* Provided data
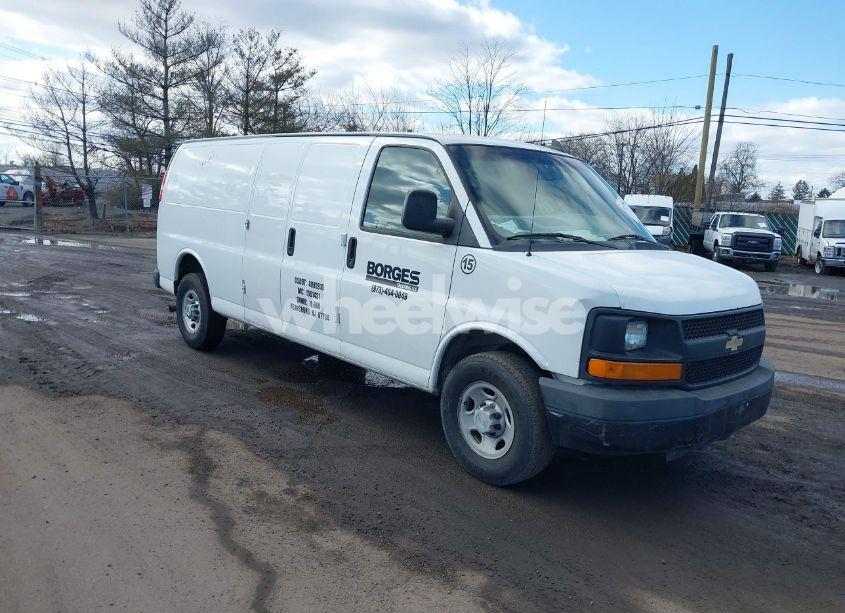 2016 Chevrolet Express 2500 WORK VAN (VIN 1GCWGBFF6G1154276) main photo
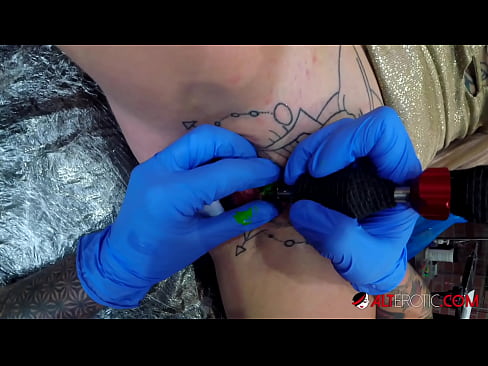❤️ Sully Savage-k izugarri tatuatu zuen klitorian tatuaje bat egin zuen Pornografia gurean eu.ideabuffet.top ❌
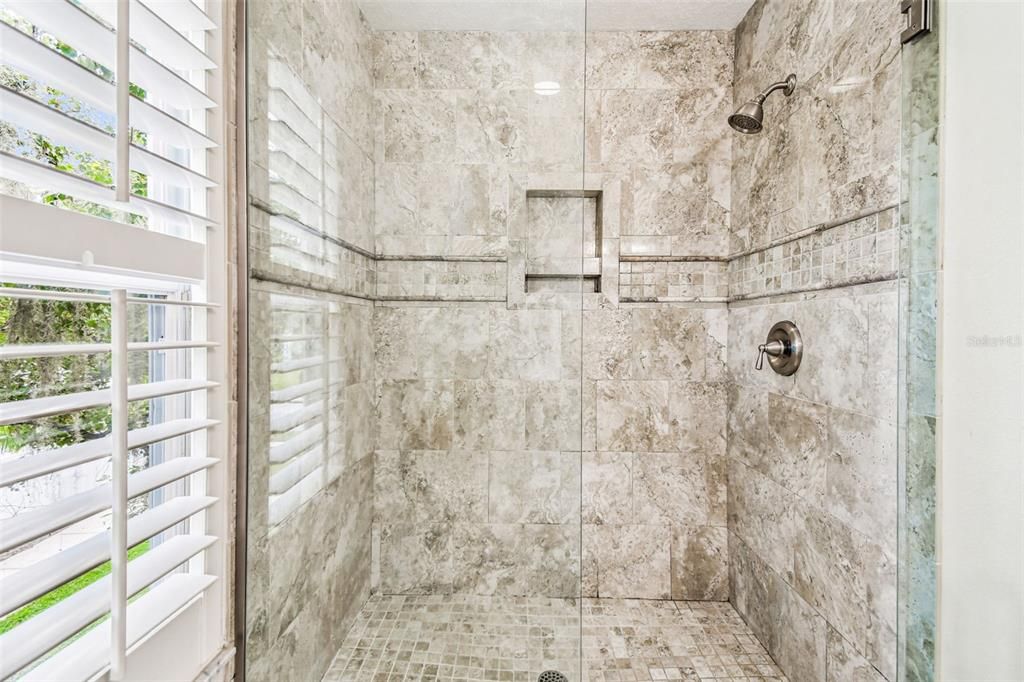 Под контрактом: $650,000 (4 спален, 2 ванн, 2998 Квадратных фут)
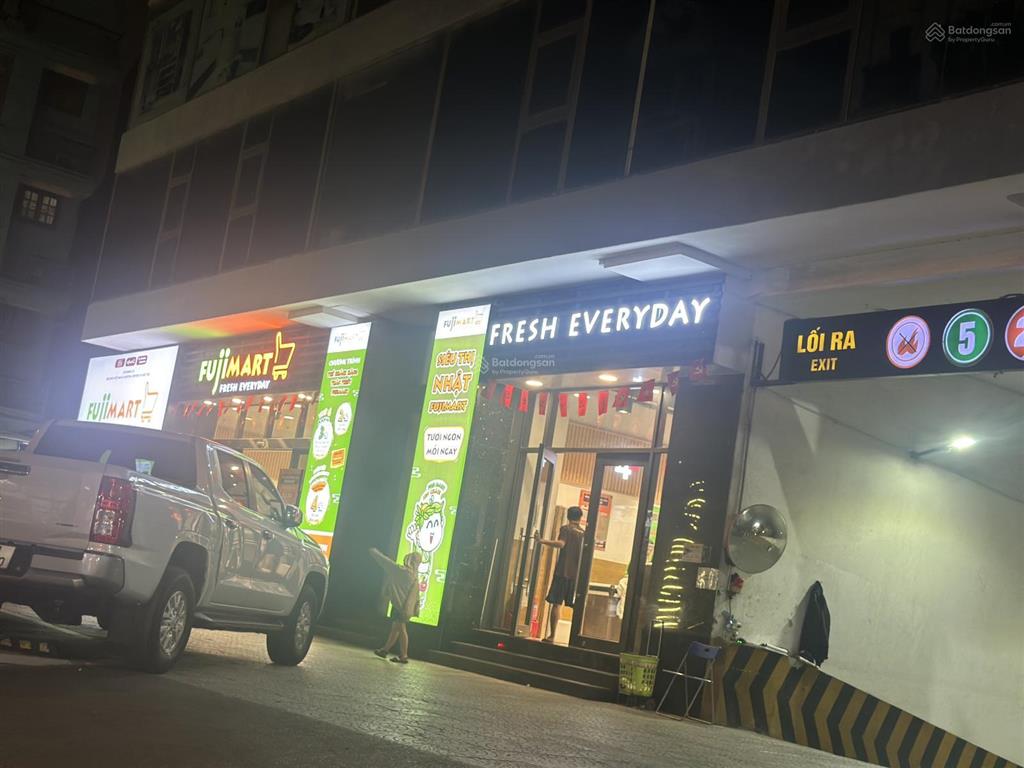 Lô góc hiếm đẹp nhất phố chính kinh,giá đầu tư  81,m  mặt tiền 7.6,m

* Task statement
Everything from the line containing "Под контрактом: $650,000" through the end of the data should be printed exactly, line for line, except the pictures.

* Answer box
 Под контрактом: $650,000 (4 спален, 2 ванн, 2998 Квадратных фут)
 Lô góc hiếm đẹp nhất phố chính kinh,giá đầu tư  81,m  mặt tiền 7.6,m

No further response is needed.